• **Given information**
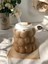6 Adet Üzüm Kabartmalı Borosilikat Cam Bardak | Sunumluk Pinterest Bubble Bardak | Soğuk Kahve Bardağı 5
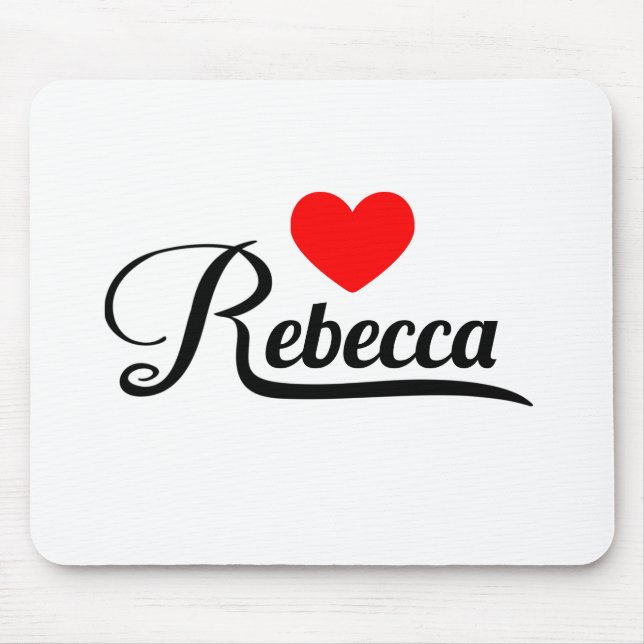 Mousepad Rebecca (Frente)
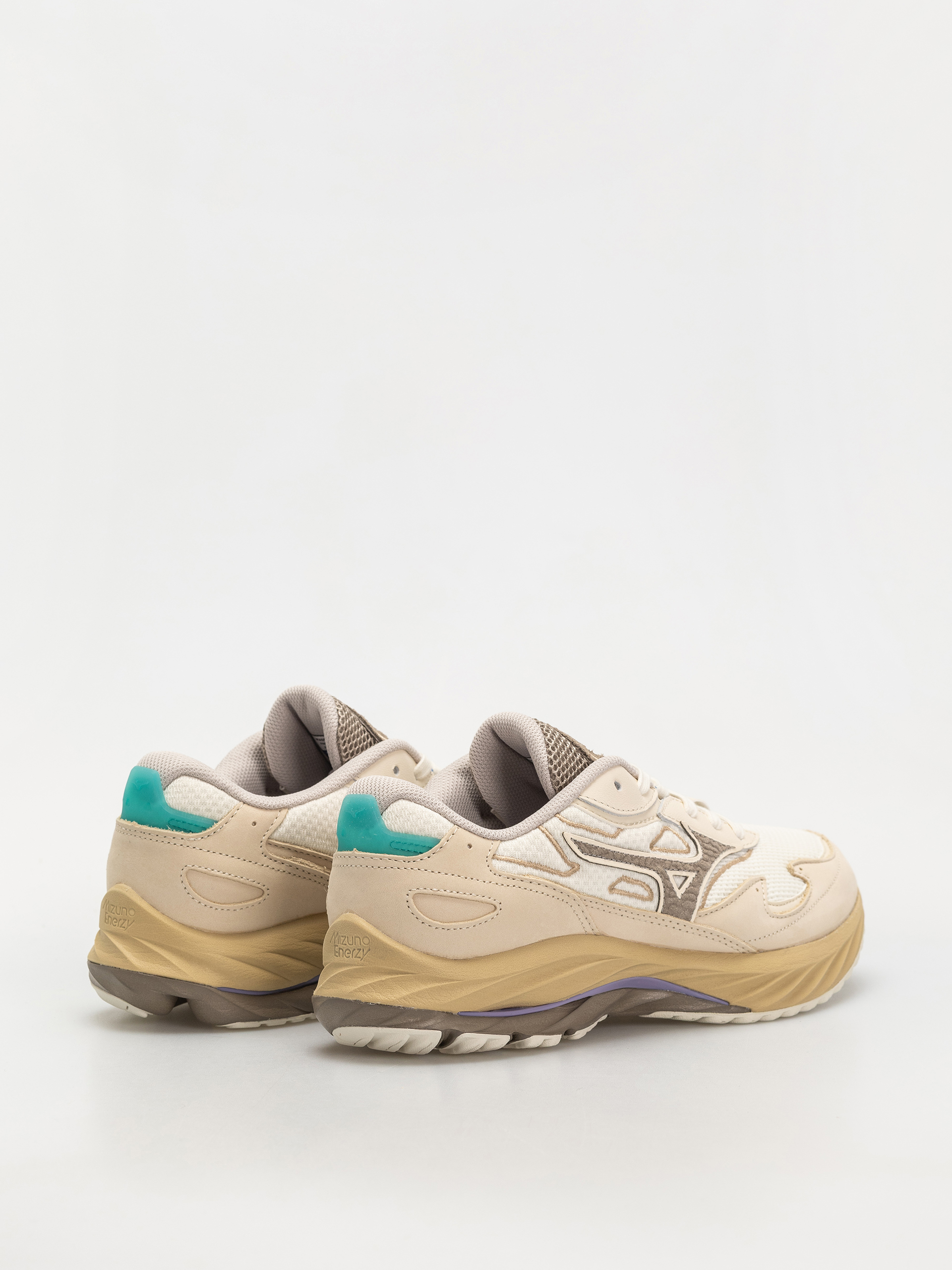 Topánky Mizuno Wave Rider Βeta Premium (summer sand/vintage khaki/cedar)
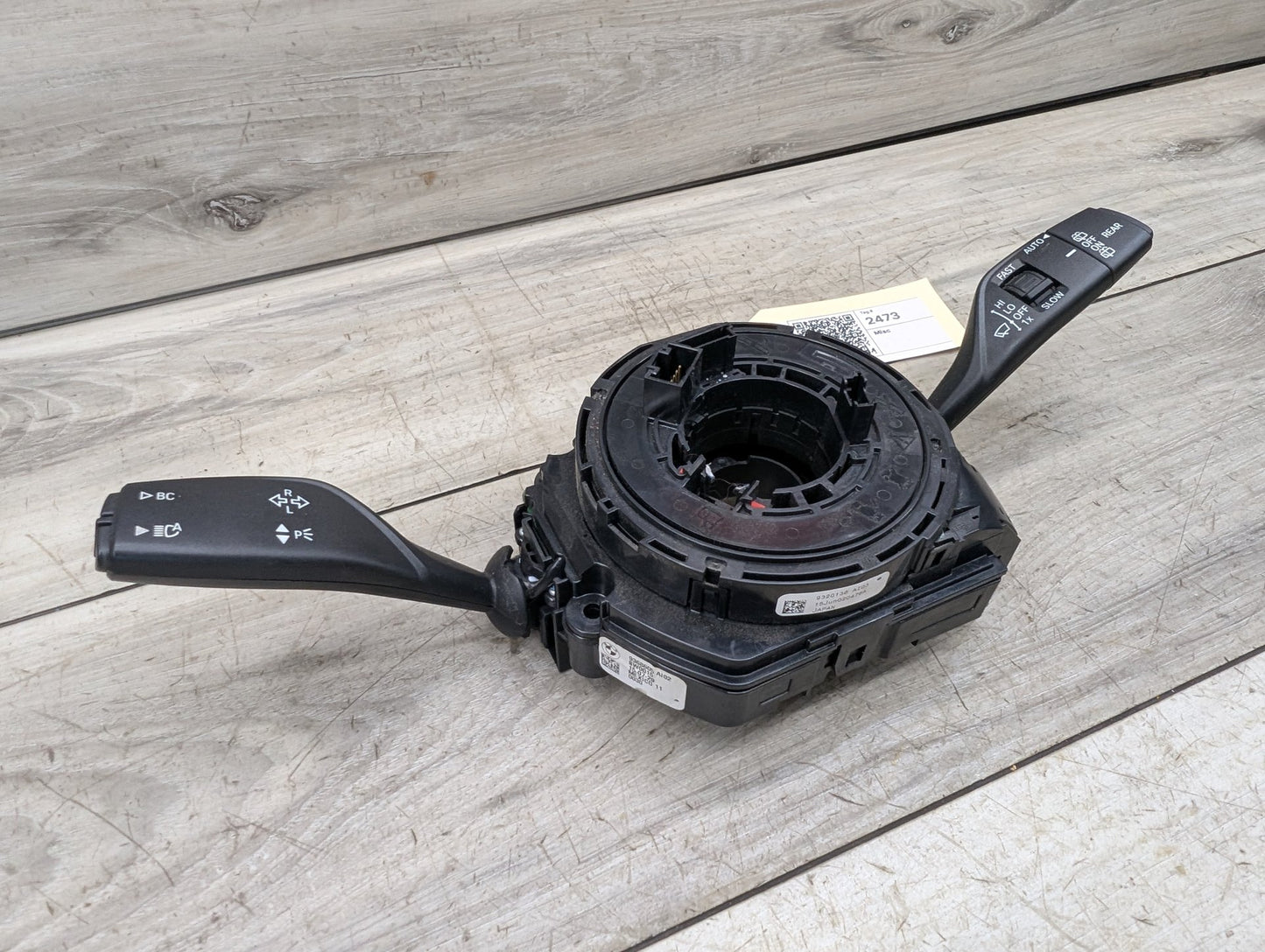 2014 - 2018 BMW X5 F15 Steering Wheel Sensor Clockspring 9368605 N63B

• **Try it**
One exact copy of the data, no pictures: write it out line for line.

• **Answer area**
6 Adet Üzüm Kabartmalı Borosilikat Cam Bardak | Sunumluk Pinterest Bubble Bardak | Soğuk Kahve Bardağı 5
 Mousepad Rebecca (Frente)
 Topánky Mizuno Wave Rider Βeta Premium (summer sand/vintage khaki/cedar)
 2014 - 2018 BMW X5 F15 Steering Wheel Sensor Clockspring 9368605 N63B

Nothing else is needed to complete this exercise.